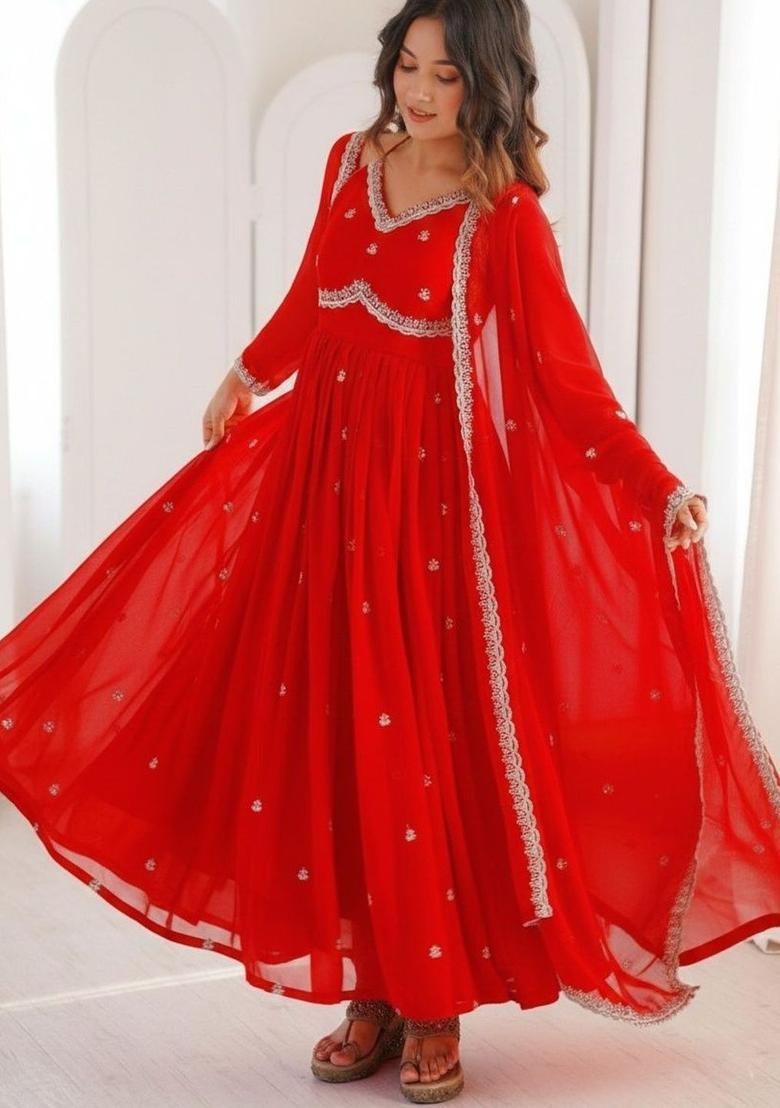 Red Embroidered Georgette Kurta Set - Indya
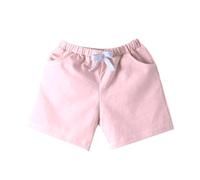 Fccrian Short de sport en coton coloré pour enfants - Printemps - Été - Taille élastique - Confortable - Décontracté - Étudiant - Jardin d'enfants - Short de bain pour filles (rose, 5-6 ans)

...

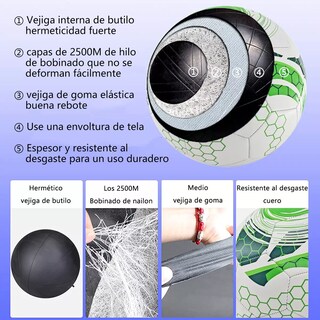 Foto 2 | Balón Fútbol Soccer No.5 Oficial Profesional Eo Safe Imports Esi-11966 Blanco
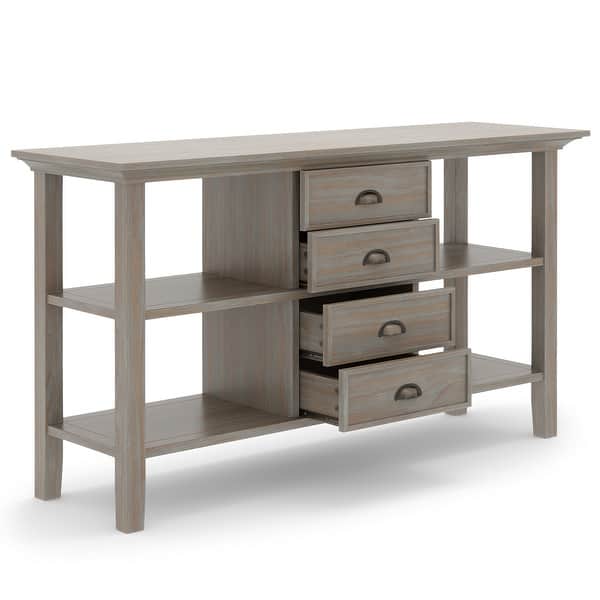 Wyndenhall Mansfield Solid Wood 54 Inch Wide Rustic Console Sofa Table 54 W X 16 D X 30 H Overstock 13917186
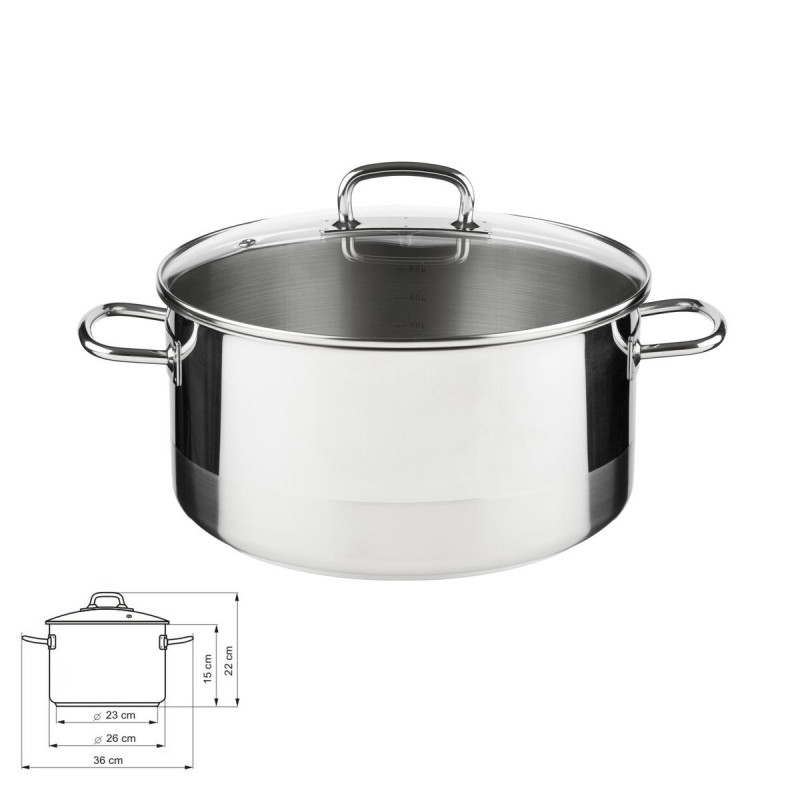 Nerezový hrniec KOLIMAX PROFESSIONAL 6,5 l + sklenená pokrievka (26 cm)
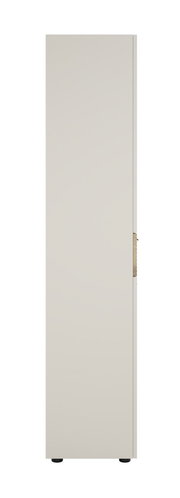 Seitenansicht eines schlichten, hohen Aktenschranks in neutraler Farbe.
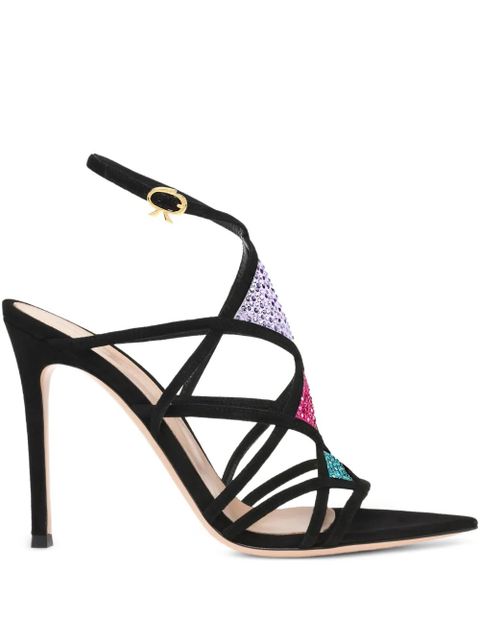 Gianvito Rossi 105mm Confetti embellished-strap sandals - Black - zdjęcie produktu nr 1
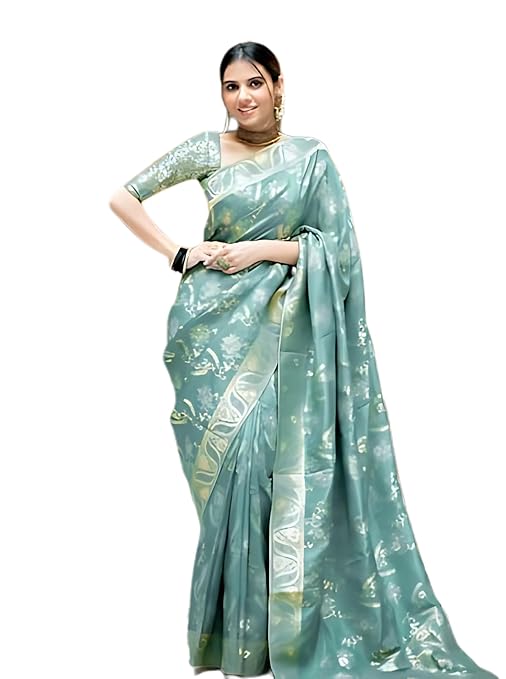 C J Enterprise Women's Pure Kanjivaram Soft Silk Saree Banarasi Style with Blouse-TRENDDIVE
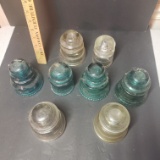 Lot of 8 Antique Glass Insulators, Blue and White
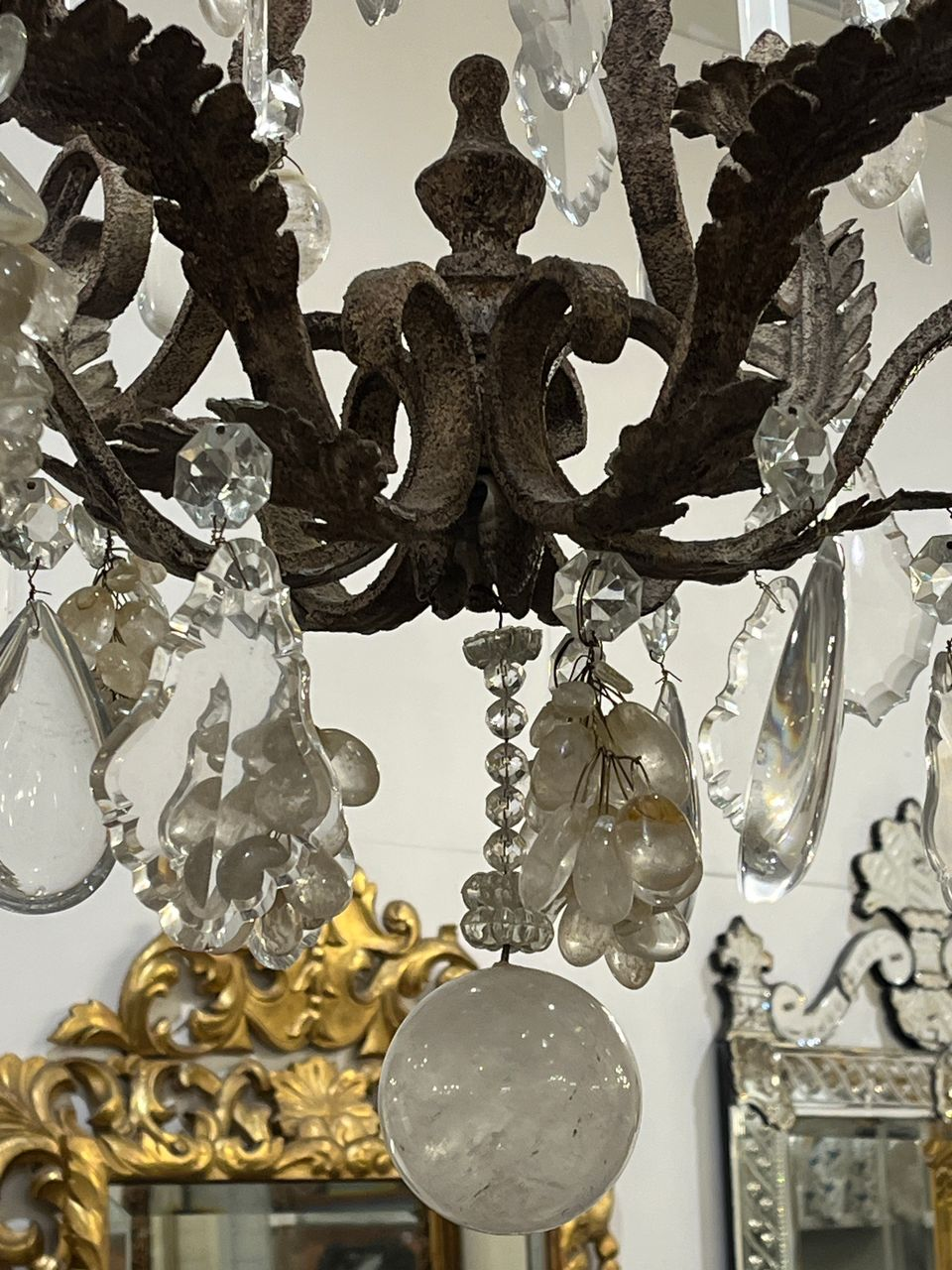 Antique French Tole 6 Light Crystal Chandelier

...

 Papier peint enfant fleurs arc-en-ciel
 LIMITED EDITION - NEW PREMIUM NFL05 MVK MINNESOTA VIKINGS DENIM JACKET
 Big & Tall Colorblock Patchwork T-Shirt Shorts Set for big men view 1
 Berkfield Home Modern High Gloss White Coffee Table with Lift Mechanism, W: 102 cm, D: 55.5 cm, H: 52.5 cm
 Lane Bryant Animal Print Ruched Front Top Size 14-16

- Exercise details -
From the records above, copy only the lines running from the line holding "Lot of 8 Antique" through the line holding "Antique French Tole", with no pictures.

- Response to the exercise -
 Lot of 8 Antique Glass Insulators, Blue and White
 Antique French Tole 6 Light Crystal Chandelier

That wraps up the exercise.